That leads them to a house where the ticket holders live.  Chuck is too shy to go to the door and asks Linus to do it.  A girl (Nicole Eggert) answers the door and she's interested when Linus tells her Charlie Brown has a crush on her.  Chuck signals to Linus that this is the wrong girl.  The boys learn that this girl was not at the game, but a relative used her family's tickets.


They visit the relative's house.  For the second time, Charlie Brown gets Linus to do the talking.  Once again, they find a girl, but not the right girl.  This girl (Melissa Strawmeyer) is a teenager, much older than the girl Chuck saw on TV.  This girl is also interested when she hears someone is in love with her, but she tells them to take off when she sees Charlie Brown is a "little kid."


Before they depart, the teen girl gives them another lead.  She says they should visit Happy Valley Farm, which is out in the country.  Charlie Brown is ready to give up, but Linus talks him into continuing the quest.


When Chuck and friends arrive at Happy Valley, They encounter a rather fierce bobcat!


Linus eventually knocks on the door and a girl (Jennifer Gaffin) answers.  Charlie Brown recognizes her from the game and tries to signal to Linus.  But Linus is too distracted when he realizes this girl also has a security blanket!


We learn her name is Mary Jo and they hit it off immediately.  Chuck signals that this is the girl he saw on television, but Linus is oblivious and is invited into Mary Jo's home.  Charlie Brown waits outside, hoping Linus is telling Mary Jo about him.

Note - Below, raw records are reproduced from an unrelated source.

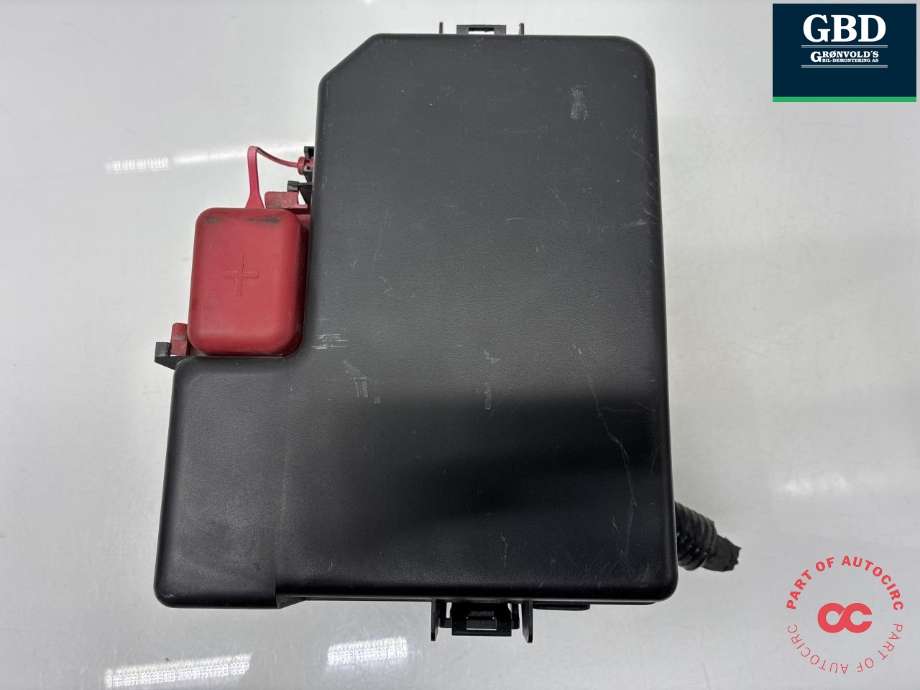 Sikringsboks motorrom til Maxus e-Deliver 9 2020-->> (C00295403|C00295403/6127006|)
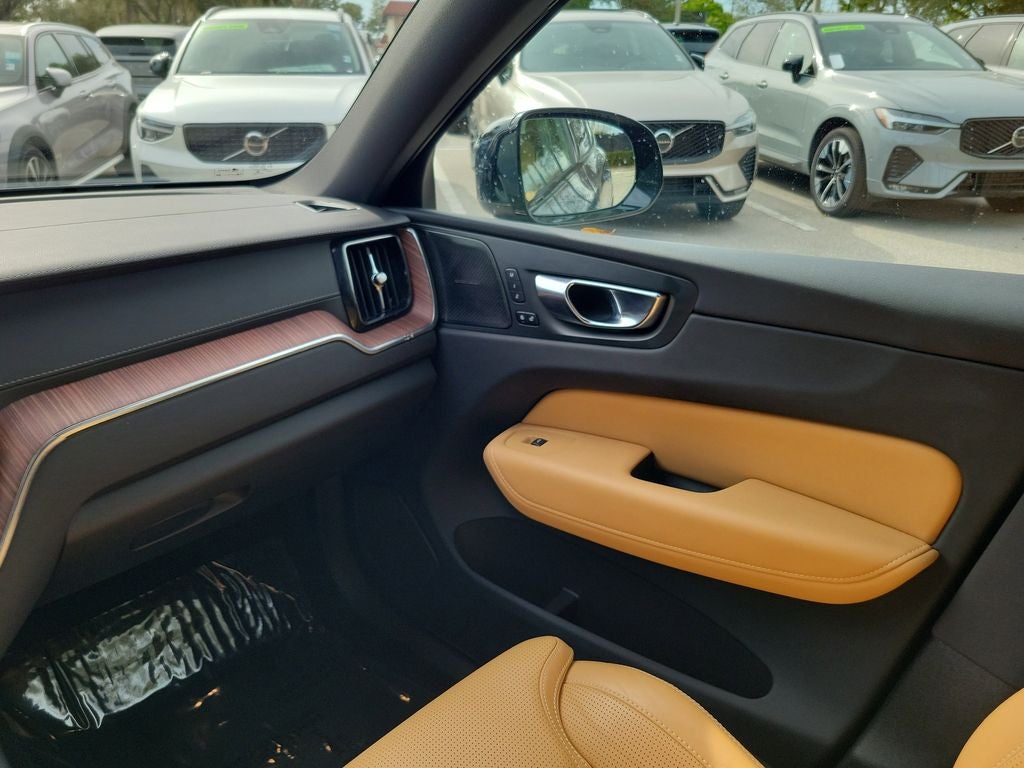 2023 Volvo XC60 Ultimate Dark Theme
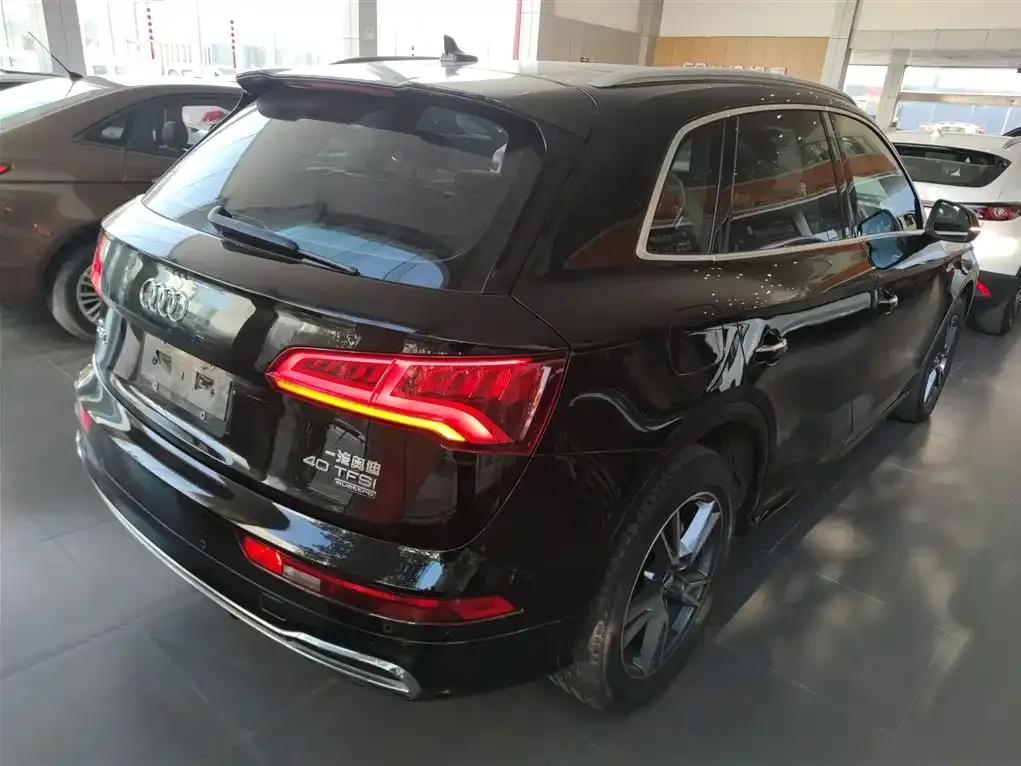 Audi Q5L 2021 из CN, фото 8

Will Linus tell Mary Jo how Charlie Brown feels about her?  Will Charlie Brown summon up the courage to tell her himself?

Review:
I'll just cut to the chase and say this is the weakest Charlie Brown special I've seen since I started this blog.  Charlie Brown comes off as borderline creepy and obsessed in Someday You'll Find Her, Charlie Brown.


Is it believable that someone could fall "in love" with someone they saw for a few seconds and hadn't even met?  Yes, but it would have been a good time for Linus (usually the most introspective member of the Peanuts cast) to explain the difference between love and infatuation.  Linus briefly mentions that Chuck falls "in love every week," but that's the only nod to sanity here.


It's also somewhat disturbing to hear Charlie Brown use the phrase "honey shot."  If you've never heard of that before, a honey shot is a term used in sports broadcasting for closeups of attractive women in the crowd.  This first came to prominence in football games in the 1970s, most notably on Monday Night Football.


Making matters worse, the only regular Peanuts cast members featured are Charlie Brown, Linus, Snoopy and Woodstock.   I love those characters, but part of the fun of these specials is watching them interact with other characters.  We don't get to see Sally, no Peppermint Patty, No Lucy, no Schroeder, etc.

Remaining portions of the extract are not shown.